> WHAT TO DO
Print exactly the line that contains "2016 Volkswagen Tiguan SE", then every following line through the end of the material; include nothing else and no pictures.
· · · ·
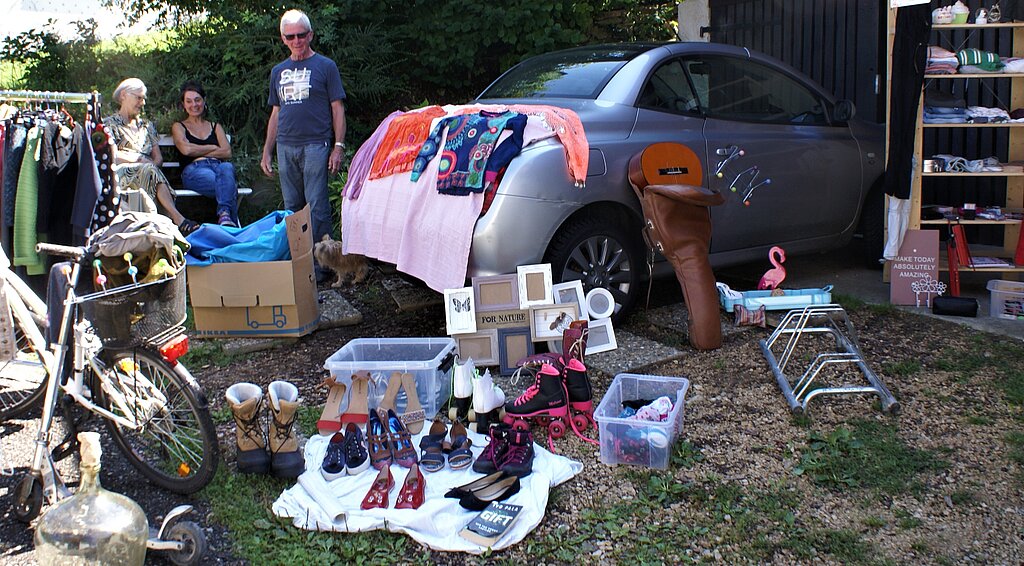 <em>Trödlerambiance vor der Tür: </em>Garagenflohmarkt in Seewen. <em/>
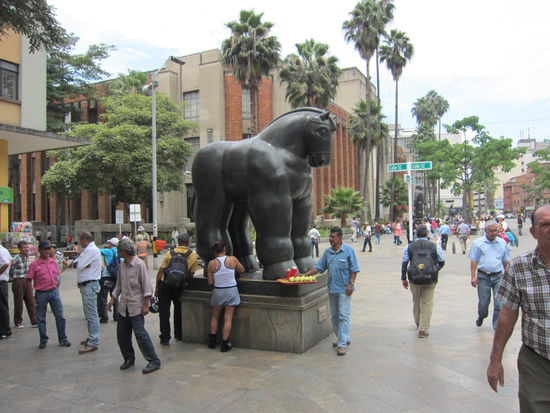 Der "Plaza Botera" mit den beruehmten Skulpturen...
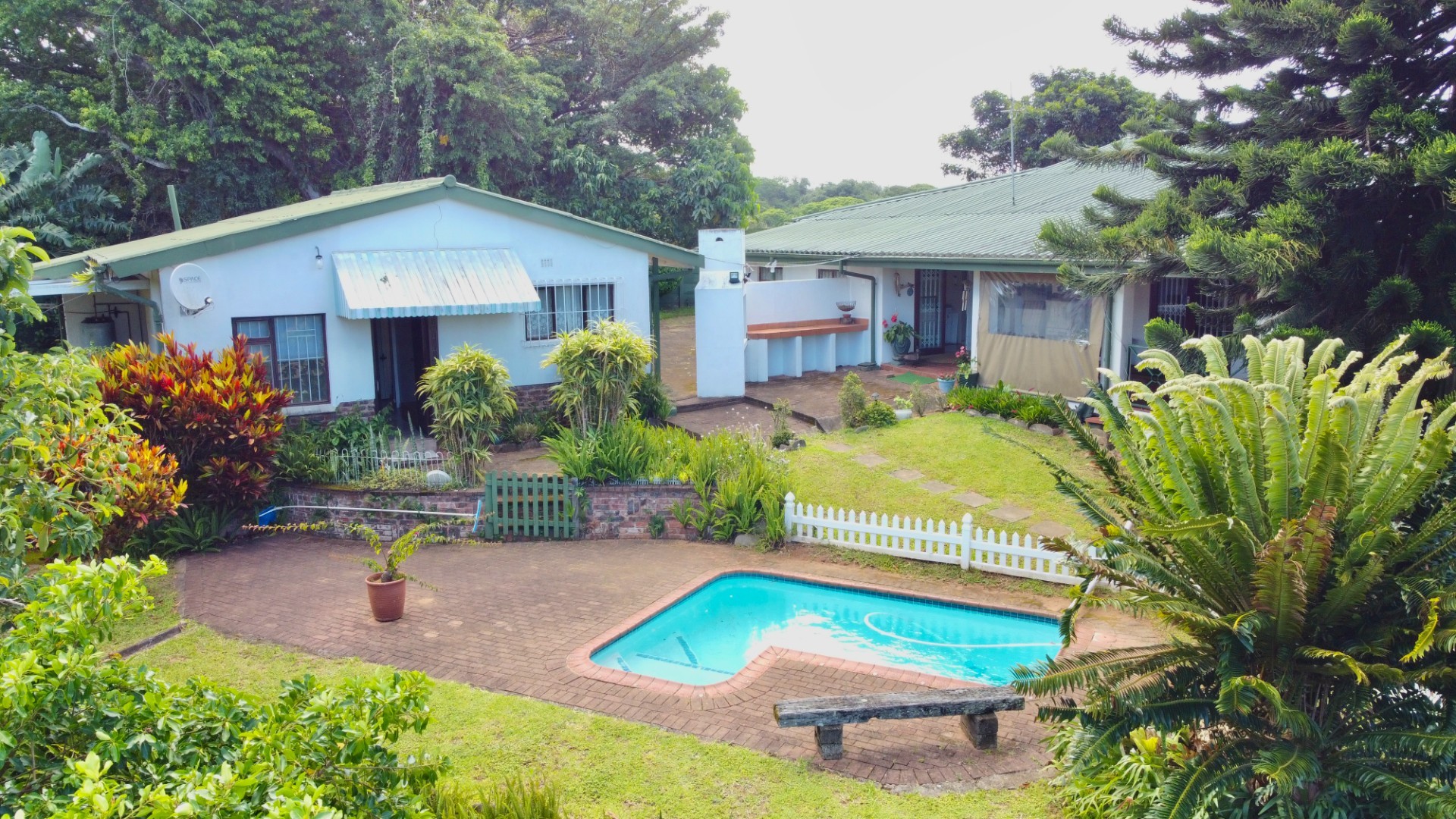 House for sale in Umtentweni, Port Shepstone, KwaZulu Natal, 2589 m²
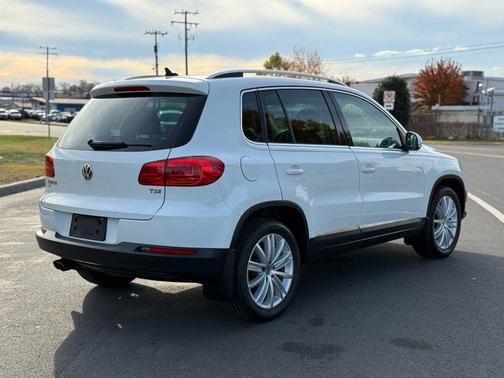 2016 Volkswagen Tiguan SE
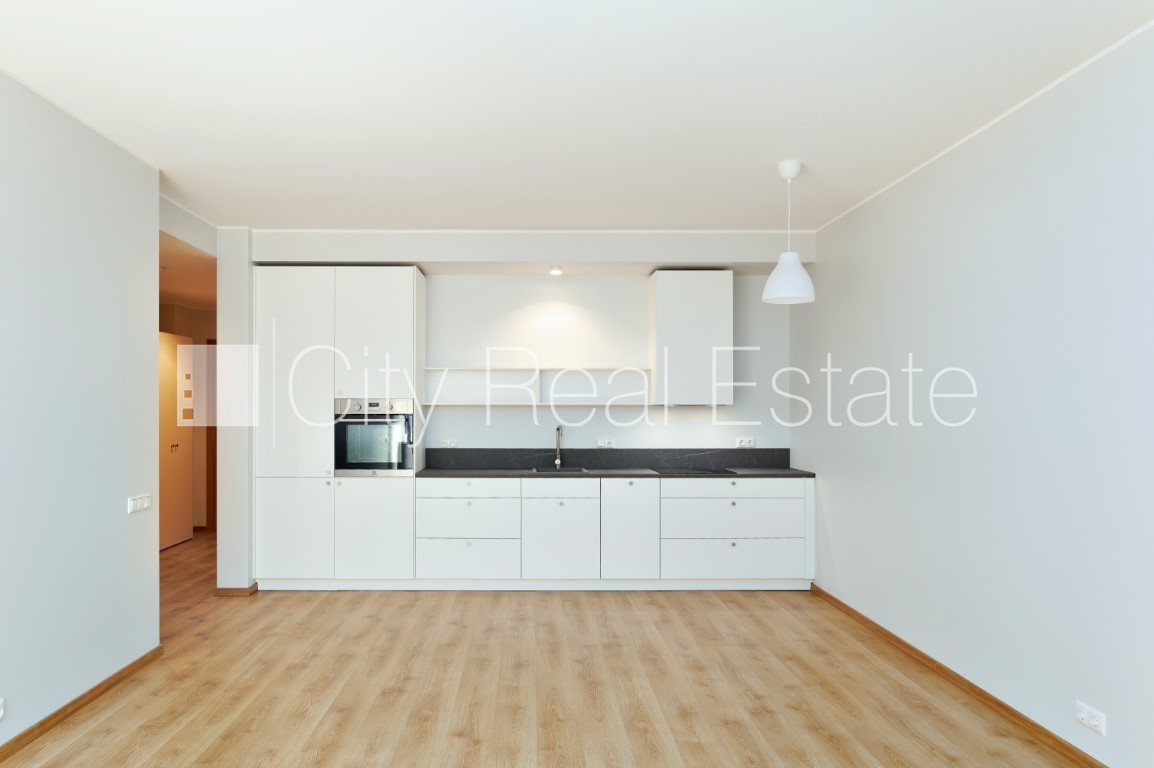 Sludinājumi. Jaunceltne, labiekārtots apzaļumots pagalms, garāža vienai automašīnai, ir lifts, balkons, istaba Cena: 675 EUR/mēn Foto #2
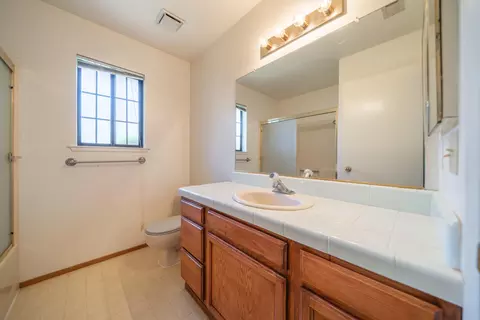 Bath - 3535 Somerset Ave, Redding, CA 96002 photo 1 of 4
· · · ·
> SOLUTION
 2016 Volkswagen Tiguan SE
 Sludinājumi. Jaunceltne, labiekārtots apzaļumots pagalms, garāža vienai automašīnai, ir lifts, balkons, istaba Cena: 675 EUR/mēn Foto #2
 Bath - 3535 Somerset Ave, Redding, CA 96002 photo 1 of 4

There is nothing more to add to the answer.